The New York Times' editorialists also link driver quality to the distribution of a fare increase, declaring that,

About two-thirds [of a proposed fare increase] should go to drivers . . . Once drivers are better paid and better treated, New Yorkers can demand that they provide better service.5

How best to funnel money to drivers and better service? Reform the medallion system, these critics urge, lift the lid on the number of vehicles and introduce free market competition. Writes the Times:

Beneficiaries of a city-chartered monopoly, [taxi owners] can lease their official permits to garages or agents, take their commissions and watch their investments appreciate.6 The necessary fundamental reform is to break the back of the "medallion" licensing system.7 [T]here can be no fundamental improvement until city officials take on the taxi owners' monopoly.8 Protected from greater competition, taxi owners have a powerful incentive to resist providing better service and to push for ever-higher fares. . . . [T]he goal must be to eliminate medallions altogether and let anyone who meets qualifications go into the taxi business.9

Elizabeth Roistacher, a City University of New York economics professor who consulted to a mayoral committee studying the taxi industry in the early 1980s, seconds the editorial writers:

Eliminating or relaxing entry restrictions remains the first essential step to improving the quality and quantity of taxi services. . . . The quality of services ought to be controlled by competition for riders.10

In sum, these critics believe that the medallion system artificially allows taxi owners to earn enormous profits, which inflate the value of medallion licenses while leaving drivers with crumbs and the public with lousy service.

This critique has profoundly influenced the City's attempts to reshape the taxi industry. Former Mayor Edward I. Koch expended considerable effort in the mid 1980s on unsuccessful attempts to ease the cap on the number of taxicabs. Koch's successor, David N. Dinkins, also attempted to expand the number of taxicabs.

Do critics of the medallion system pick the right target for City reforms? Are taxi service problems properly traced to the medallion system? If the critics had their way and the City reformed or abolished the medallion system, would drivers become fluent in the English language, unfailingly courteous to passengers and quick to find Jane Street? And if not, what is the cause of service problems and what issues must regulators address to correct them?

This paper attempts to answer these questions. We begin with an assessment of the key assertions of critics who advocate "fundamental reform" of the medallion system. We analyze how the New York City taxi industry actually works, how money from fare increases flows to owners and drivers, and how medallion prices behave after fare increases. We also assess whether "competition" (e.g., open entry) would spur better service.

This appraisal reaches the conclusion that the critics' case is deeply flawed.
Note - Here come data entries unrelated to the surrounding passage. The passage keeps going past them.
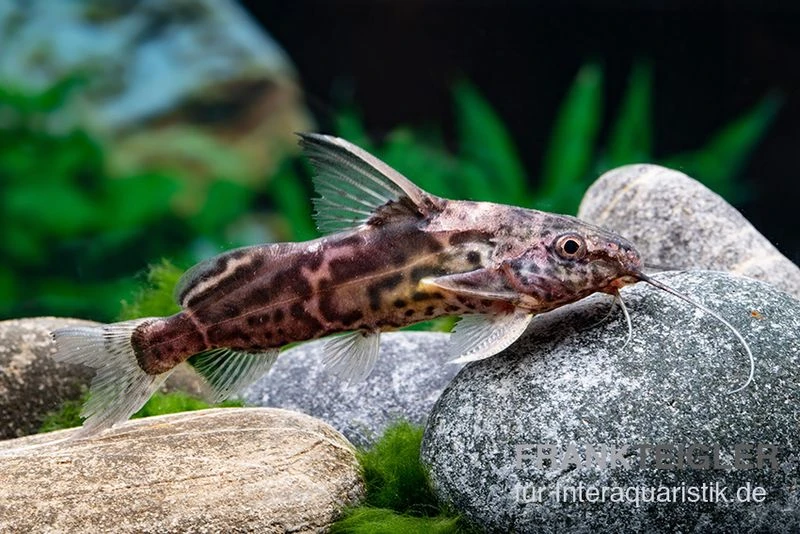 Greshoffs Fiederbartwels, Synodontis Greshoffi 2 Greshoffs Fiederbartwels, Synodontis Greshoffi – Bild 2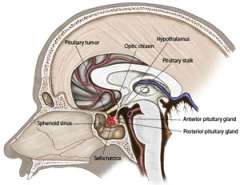 Illustration of pituitary gland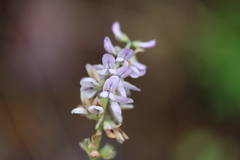 Orbexilum pedunculatum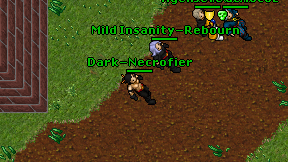 Dark-Necrofier on screen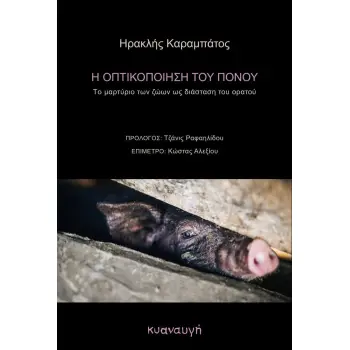 Η ΟΠΤΙΚΟΠΟΙΗΣΗ ΤΟΥ ΠΟΝΟΥ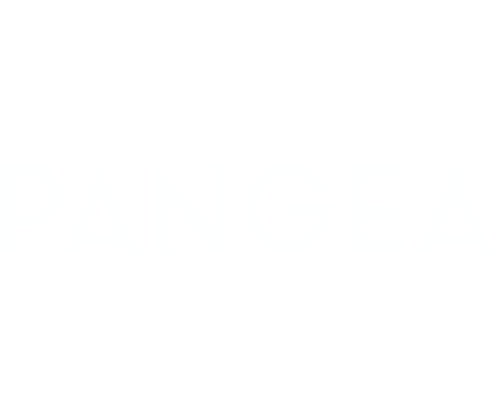 Tiffany & Co - Pangea Coins & Jewelry (1000x412), Png Download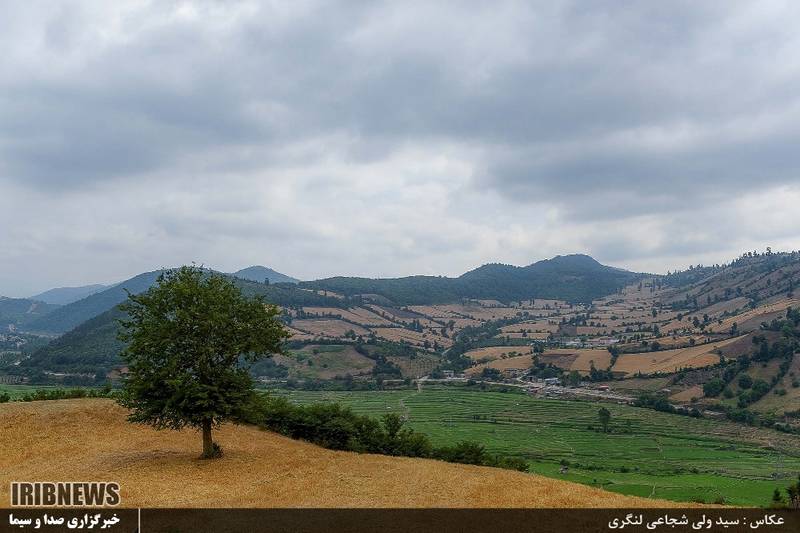 تصاویر/ برداشت گندم از مزارع مازندران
We conclude that the critics are wrong on key facts, and the critics' faith that an open-entry system would improve service is misplaced. Having set aside the medallion system as the fundamental problem, we then discuss what we believe is a far more important problem -- the leasing of cabs to drivers for a flat fee.


The medallion system dates from a Depression-era city law designed to address an overabundance of taxis that depressed driver earnings and congested city streets. After rejecting the recommendations of a series of mayoral panels studying taxi problems, the city Board of Aldermen in 1937 adopted the Haas Act, which slapped a moratorium on the issuance of any more taxicab licenses. Over the next several years, the number of cabs, which had peaked at 21,000 in 1931, fell from 13,500 in 1937 to the present number of 11,787 because the licenses of taxi owners leaving the industry were not reissued.11

While the vehicle cap is its most famous provision, the Haas Act had other significant and enduring features. It provided for the automatic renewal of vehicle licenses and allowed for the transfer of licenses between owners, conditioned only on City approval of the new owners' qualifications. This transferability provision was vital to the subsequent establishment of license values. The Act also erected a wall between fleet-owned taxi licenses and individually owned licenses, a clause intended to ensure the survival of owner-drivers.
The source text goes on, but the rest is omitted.